==== SOURCE INFORMATION

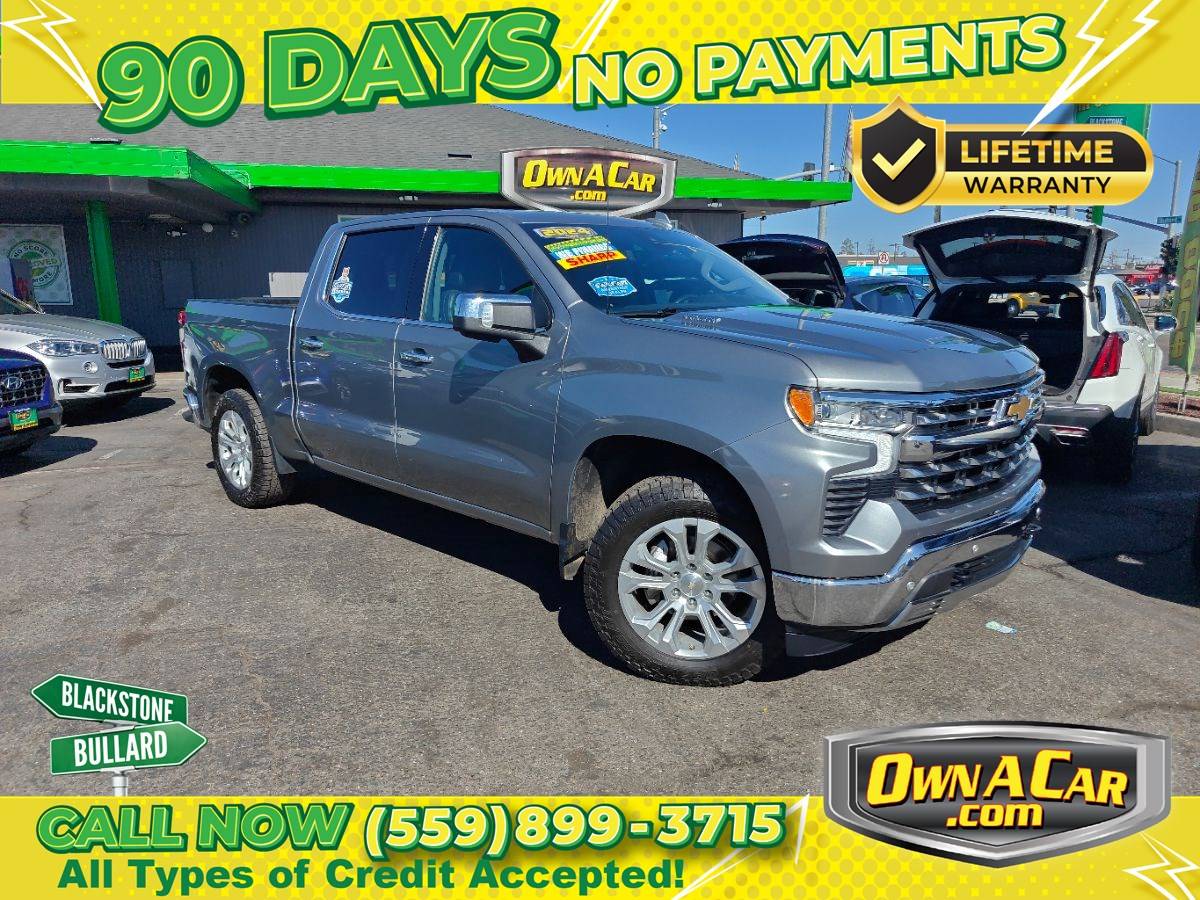 2024 Chevrolet Silverado 1500 LTZ — Pickup Truck — 13,654 mi — Fresno, CA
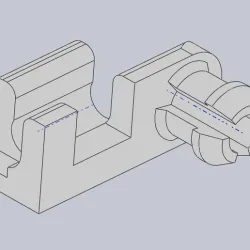 1994 Chevy Tailgate latch clip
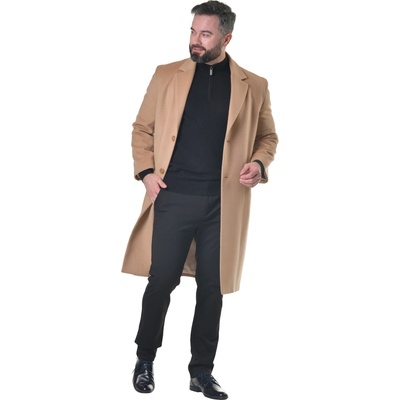 Sebastian kašmírový kabát velbloudí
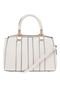 Bolsa Chenson Handbag Textura Bege - Marca Chenson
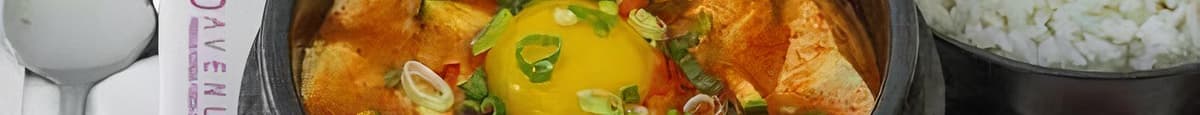 🌶️Spicy Vegetable Soondoobu Jjigae / 해물 순두부 찌개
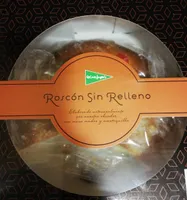 Roscón sin relleno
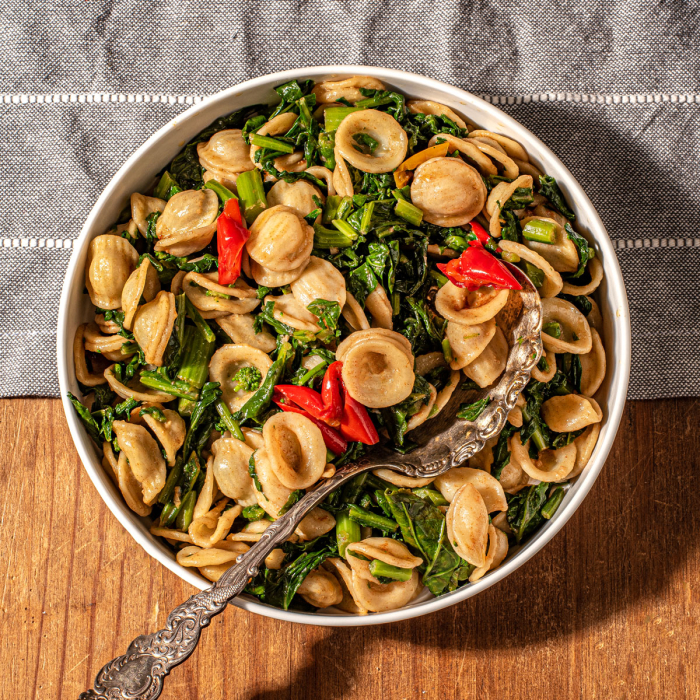 Half Orecchiette W/ Sausage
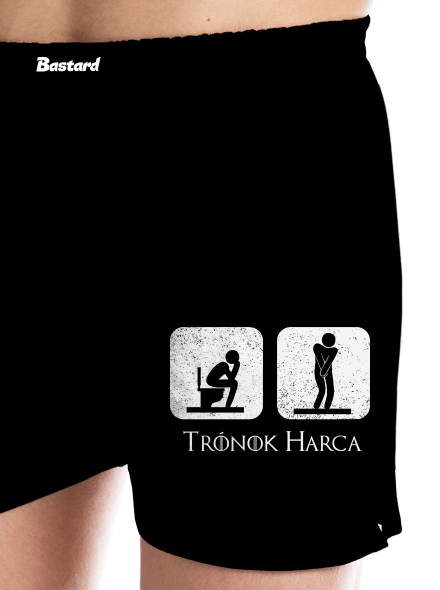 Trónok Harca férfi alsó nadrág Black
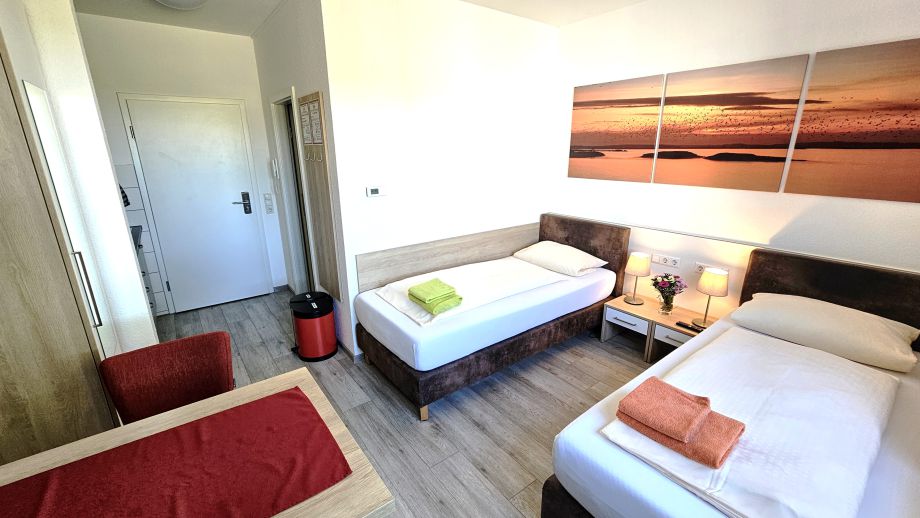 Geräumiges Wohlfühl-Zimmer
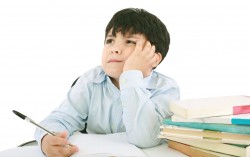 Confused Student Child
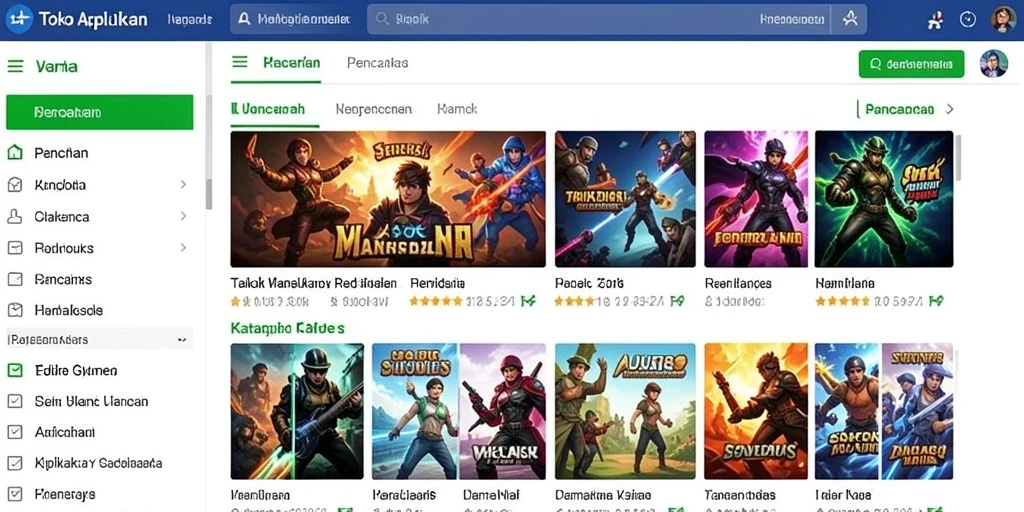 Kompetisi menarik dengan berbagai hadiah menunggu.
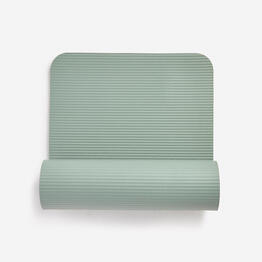 Tapis de Pilates confort épaisseur 15 mm, vert clair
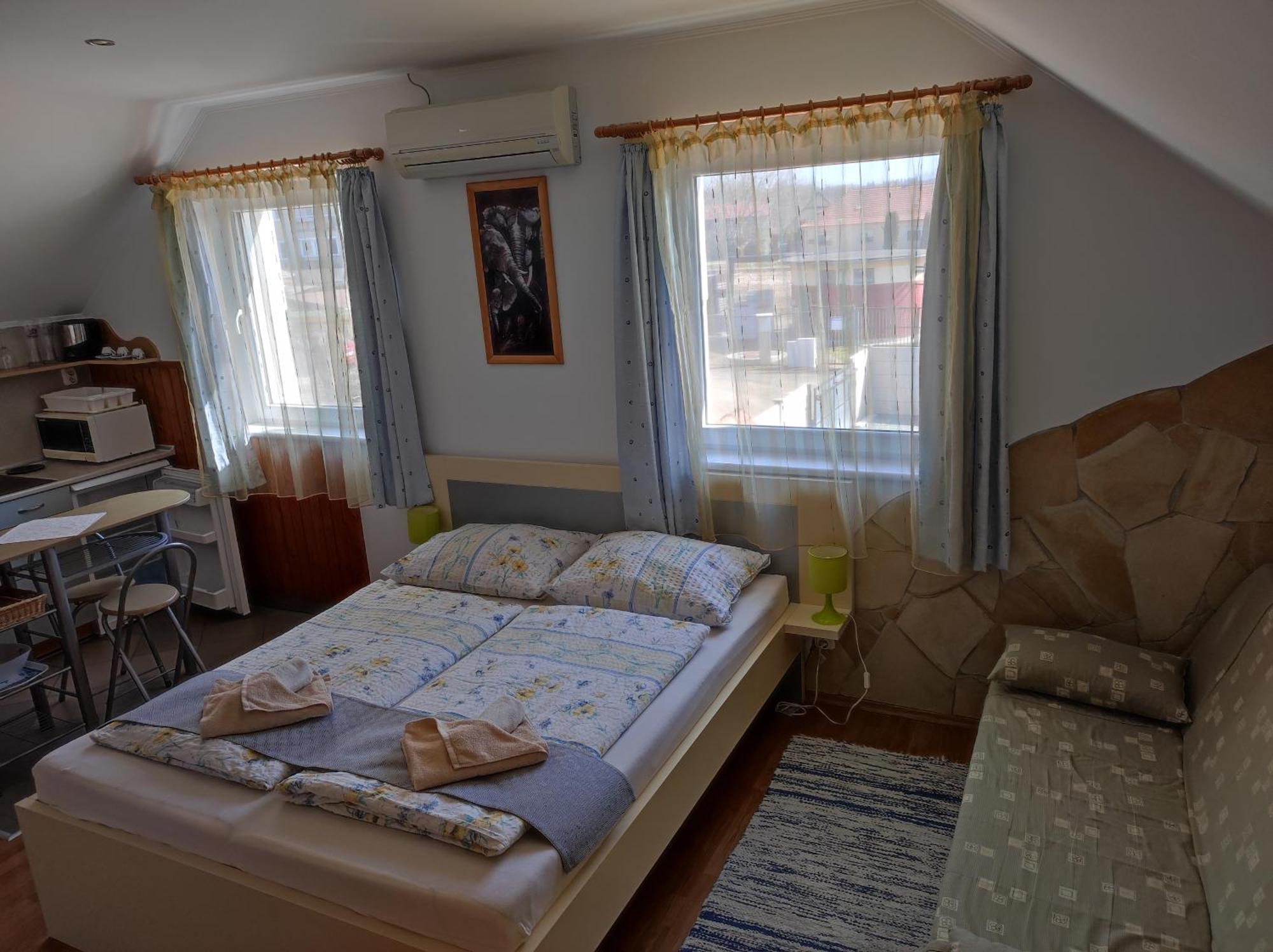Aranyhal Apartman Sárvár Екстериор снимка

========

## TASK DESCRIPTION
Output nothing but the records above, word for word, with the pictures removed.

## SOLUTION TO THIS TASK
 2024 Chevrolet Silverado 1500 LTZ — Pickup Truck — 13,654 mi — Fresno, CA
 1994 Chevy Tailgate latch clip
 Sebastian kašmírový kabát velbloudí
 Bolsa Chenson Handbag Textura Bege - Marca Chenson
 🌶️Spicy Vegetable Soondoobu Jjigae / 해물 순두부 찌개
 Roscón sin relleno
 Half Orecchiette W/ Sausage
 Trónok Harca férfi alsó nadrág Black
 Geräumiges Wohlfühl-Zimmer
 Confused Student Child
 Kompetisi menarik dengan berbagai hadiah menunggu.
 Tapis de Pilates confort épaisseur 15 mm, vert clair
Aranyhal Apartman Sárvár Екстериор снимка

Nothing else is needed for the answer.